Ujwaadu is a 2011 Indian Konkani film directed by Kasargod Chinna. The film stars Shivadhwaj, Umashree, Sadashiva Brahmavar, Master Srinivas Prabhu and Neethu. It is the third film ever produced in the GSB Konkani language and attempts to showcase Konkani Saraswatha tradition and culture.

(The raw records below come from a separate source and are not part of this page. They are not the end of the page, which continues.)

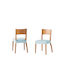 Mc Decor Tunez Elastic Cover for Chair Sea Blue 2pcs MCL.EL.TUNEZ.KK-UALASSI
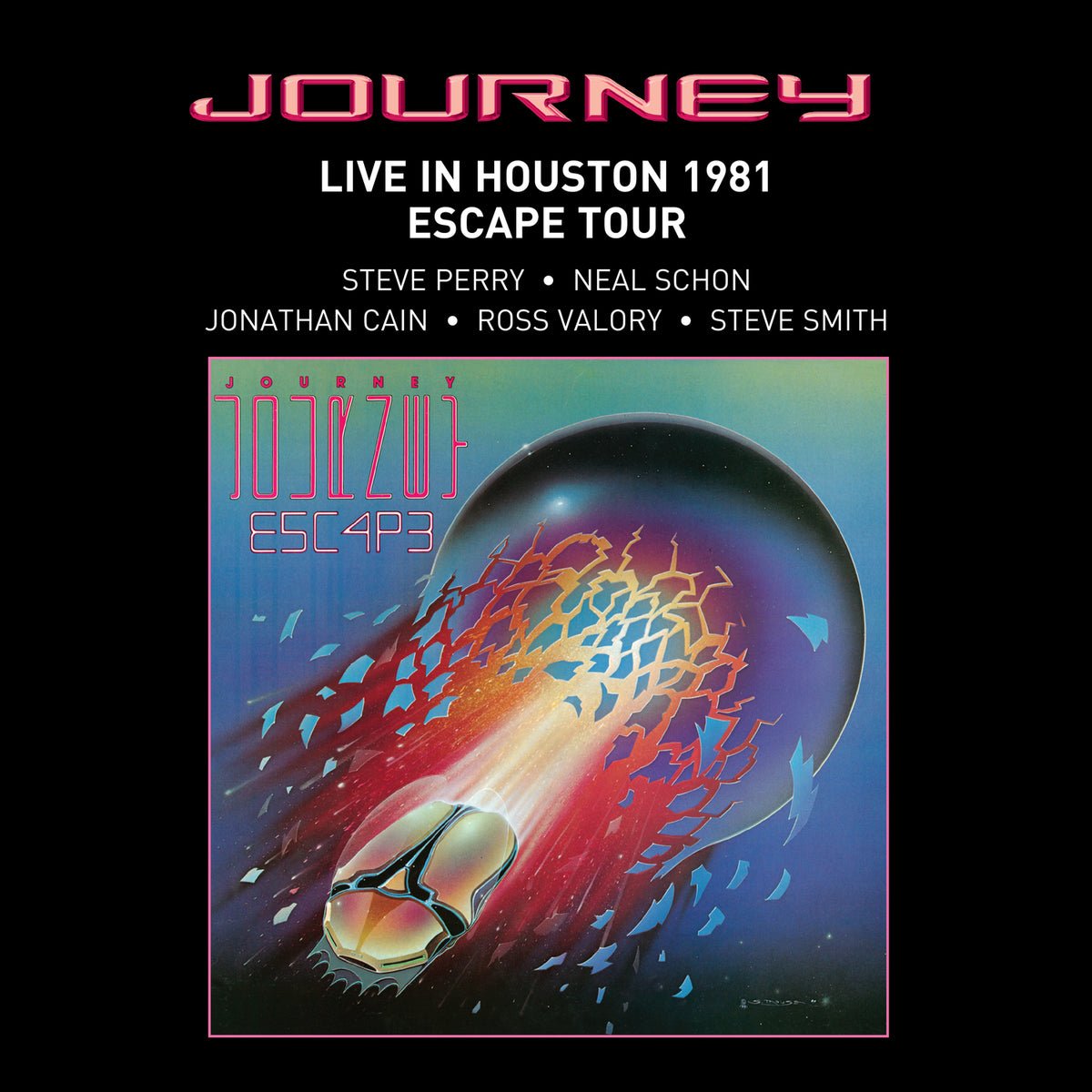 Live In Houston 1981: The Escape Tour - Front Cover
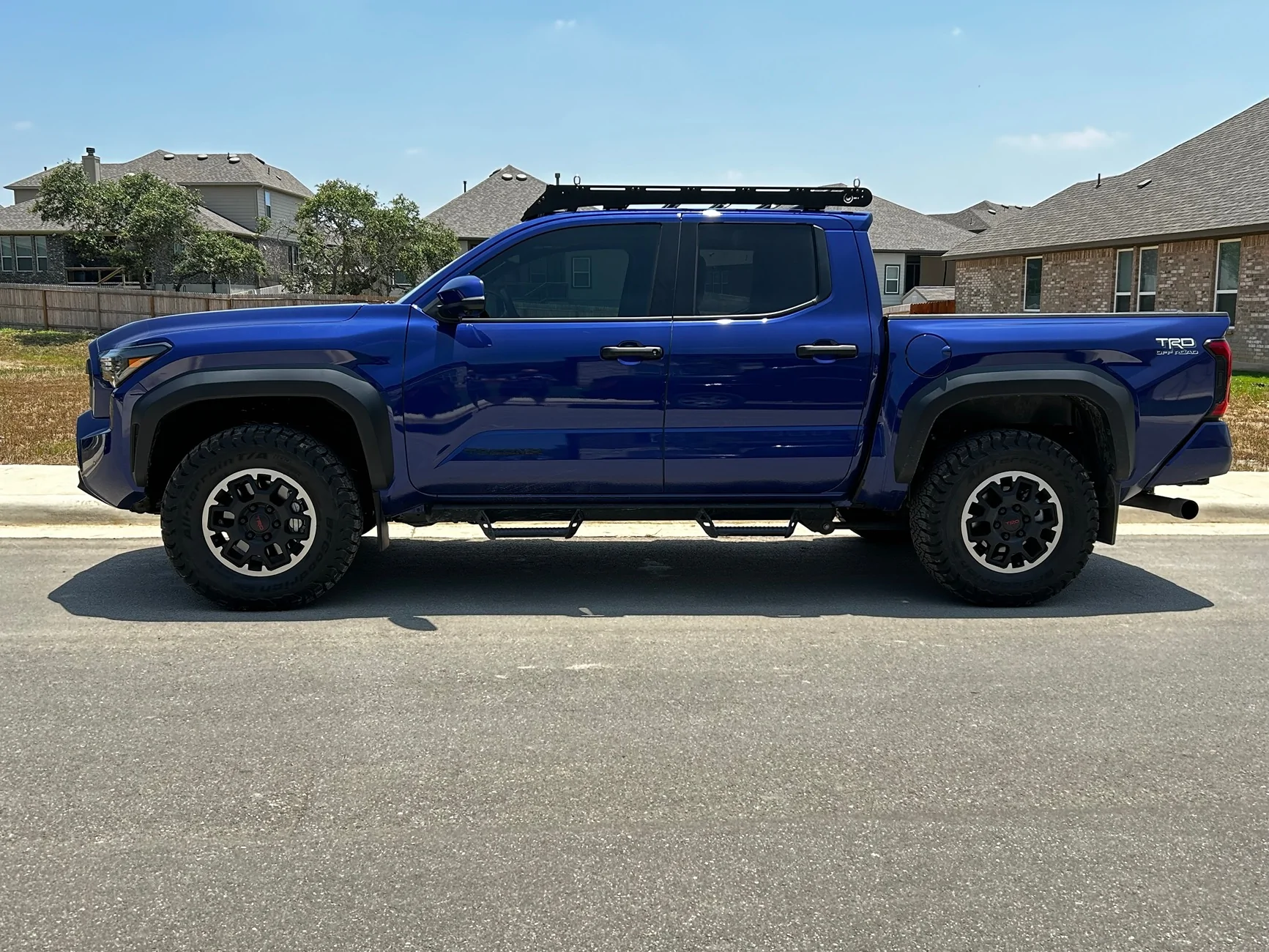 2024 Tacoma 285/75R17 tires on stock off-road trd wheels IMG_6370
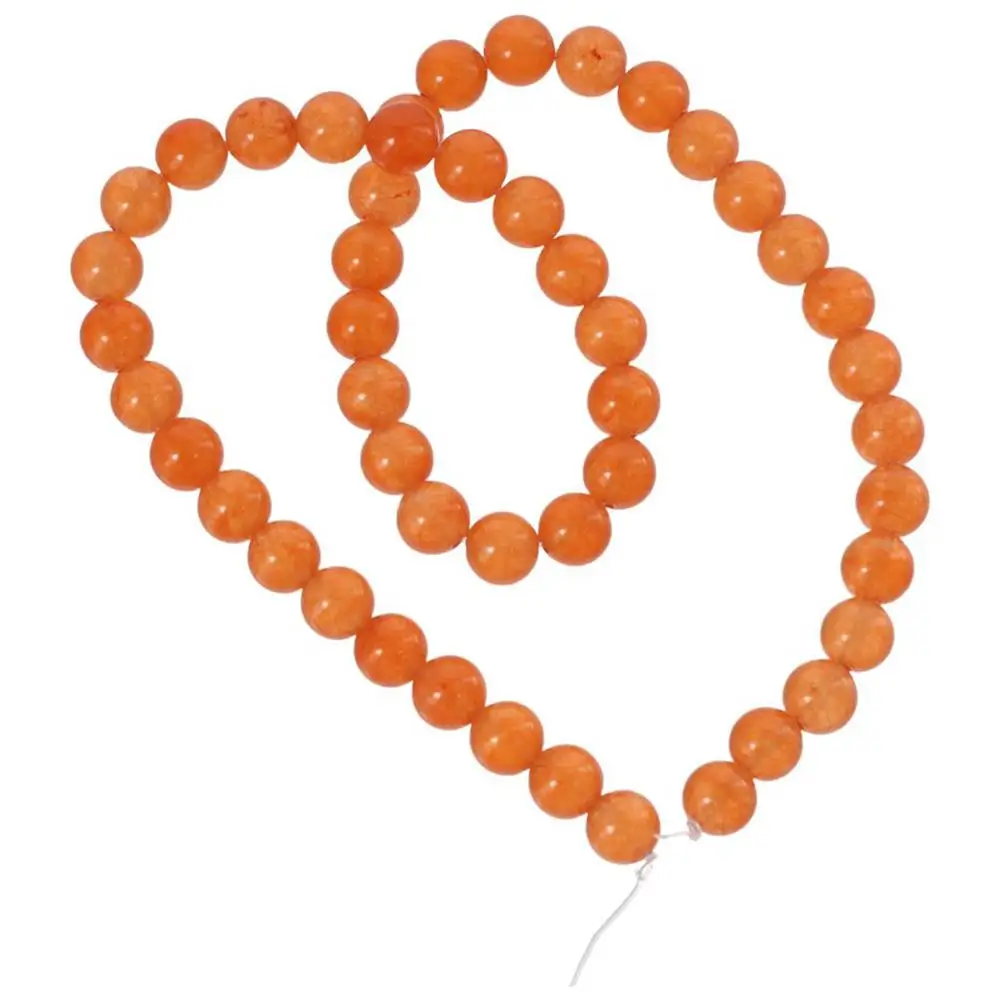 

45 шт. 8 мм Оранжевые Бусины для изготовления ювелирных изделий своими руками искусственный оранжевый халцедон бусины из натурального камня 8 мм бусины ожерелье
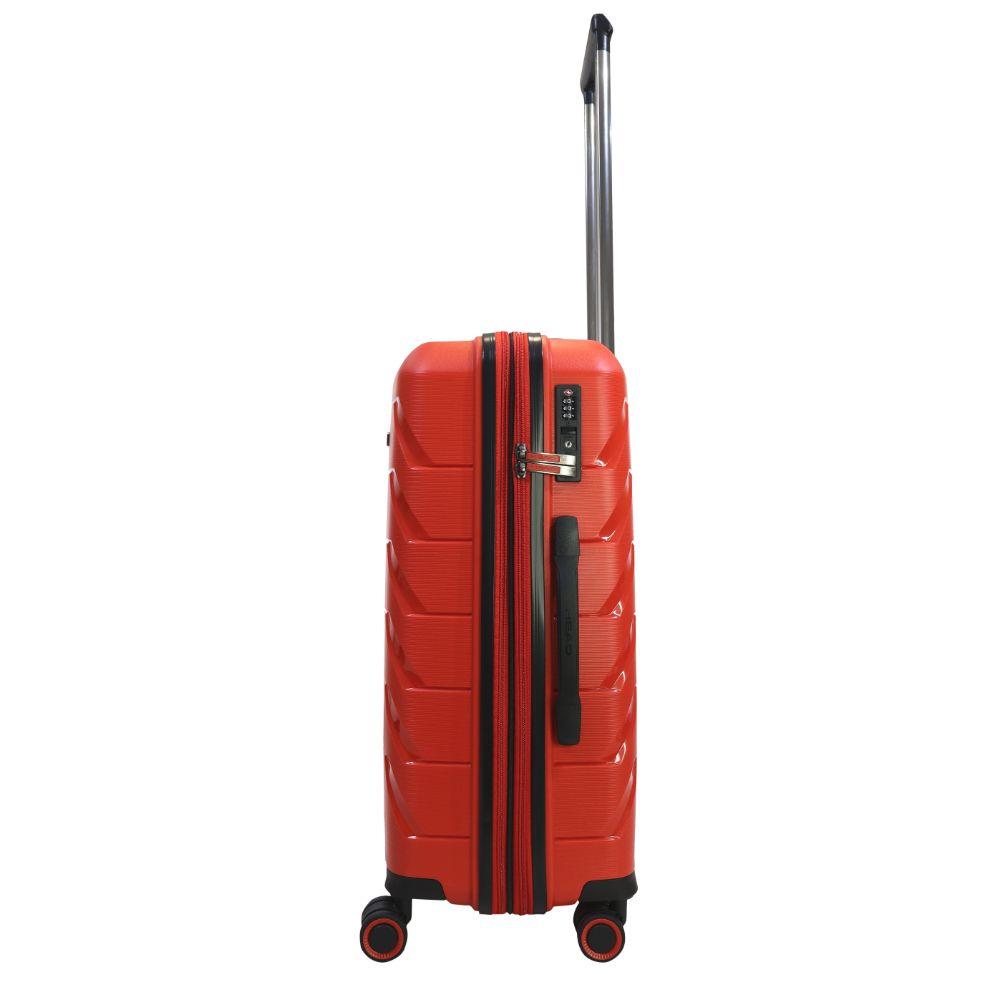 Maleta New Ucrania M Expandible TSA Rojo Head-6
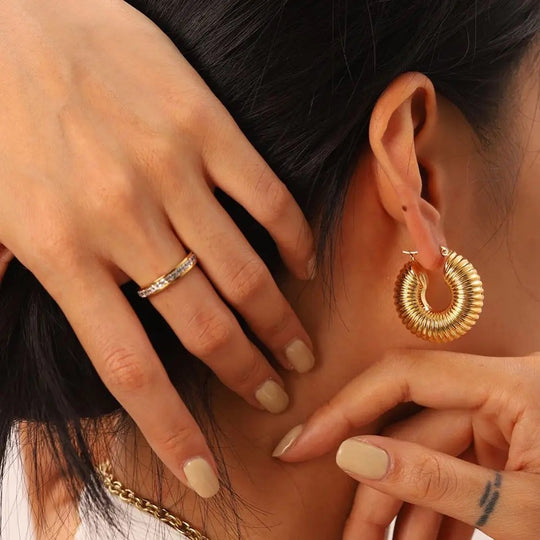Viv Chunky Hoop Earrings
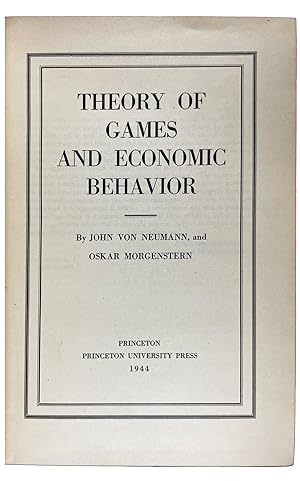 Theory of Games and Economic Behavior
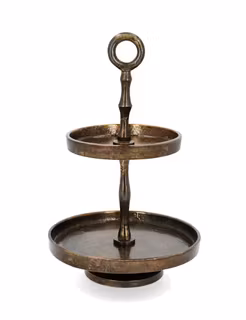 Våningsfat Elvin Bränd Mässing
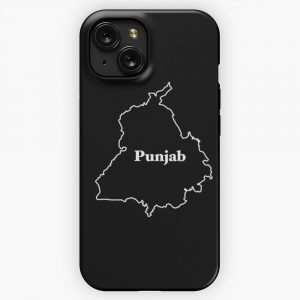Map Of Punjab iPhone 15 Slim Phone Case Cover
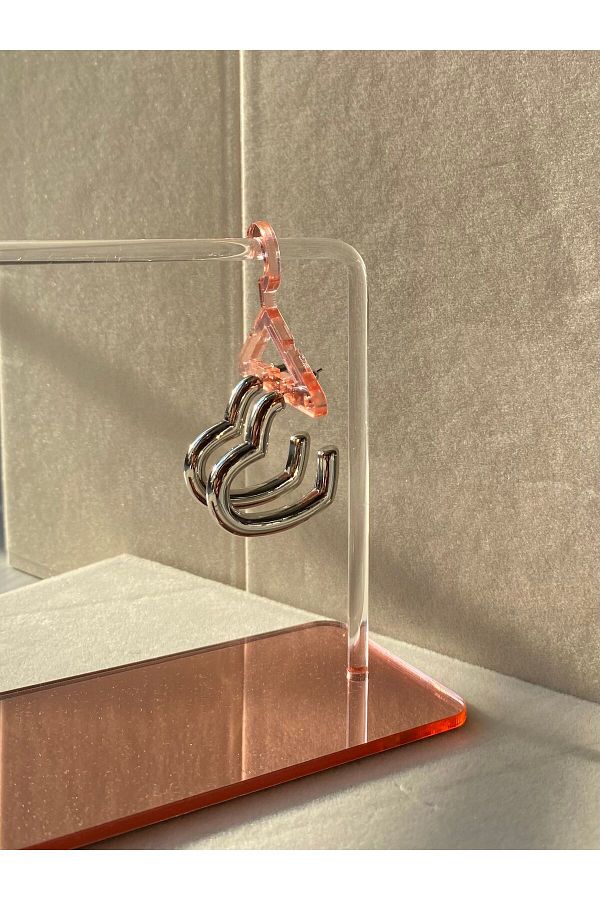 denars jewelry-Heart Steel Earrings 1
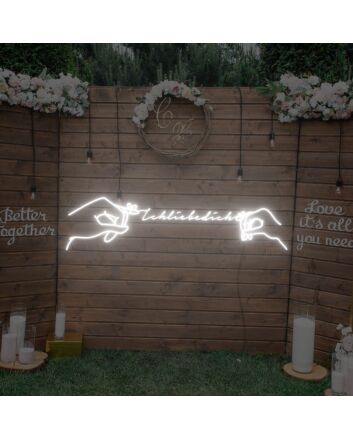 Ich Liebe Dich Connect Neon Sign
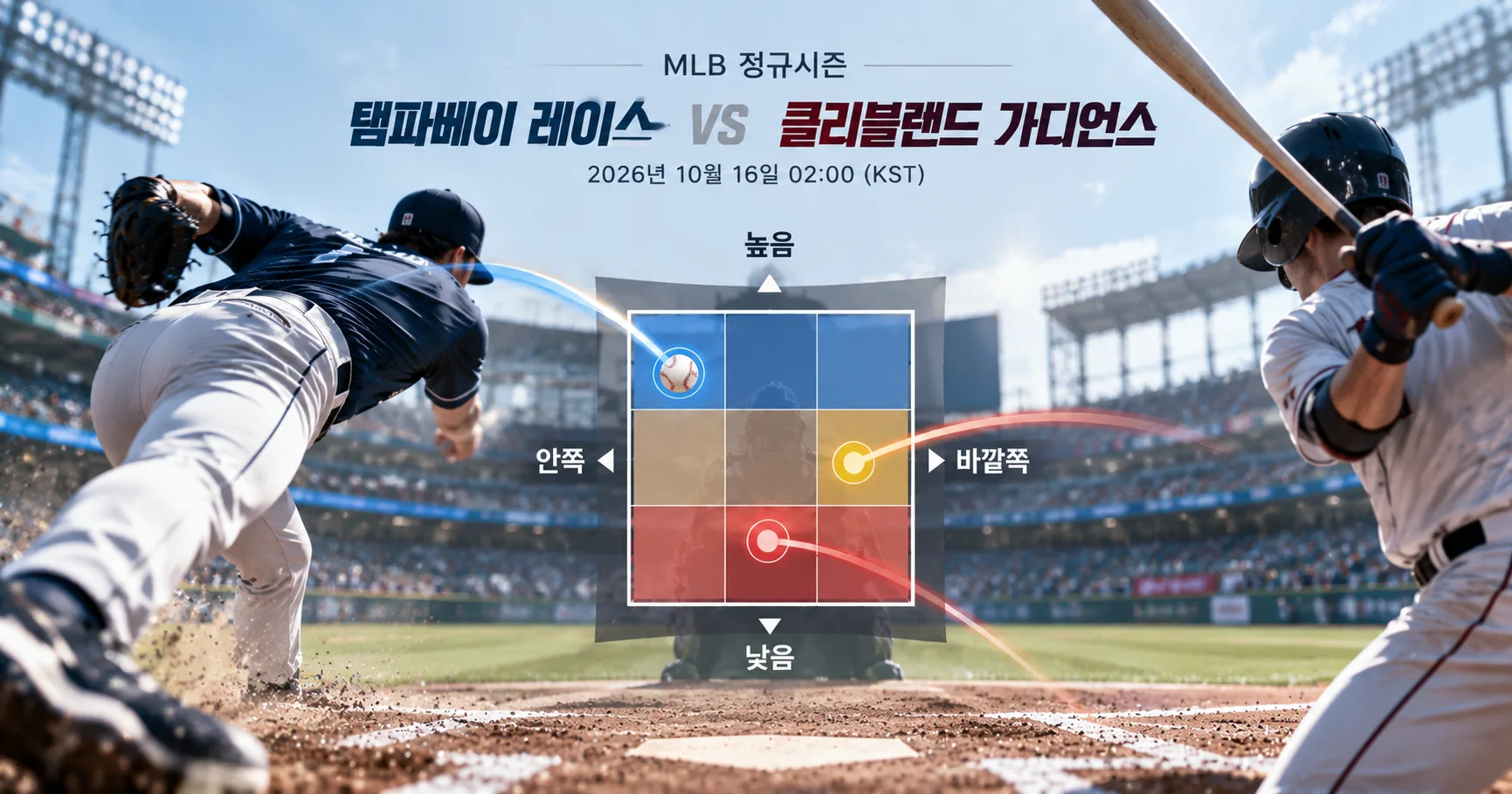 2-Tampa Bay Rays vs Cleveland Guardians 투구존맵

Released on 14 October 2011, and with music by V. Manohar, The film was selected for the Bengaluru International Film Festival and won the Karnataka State Film Award for Best Regional Film.

==Plot==
Ujwaadu depicts the story of simple happy-go-lucky Gowda Saraswat Brahmins way of life with turmoil and struggle within.

==Production==
The film is the third film of GSB Konkani language. Prior to its release, the only two GSB Konkani films produced were Tapaswini and Jana Mana.

==Reception==
A critic from Daijiworld.com wrote, "Ujwaadu entertains. It endears itself to you as you watch it. It is mellow, gentle and indulgent".

==Home media==
The DVD of the film was released in Muscat, Oman on 22 March 2015.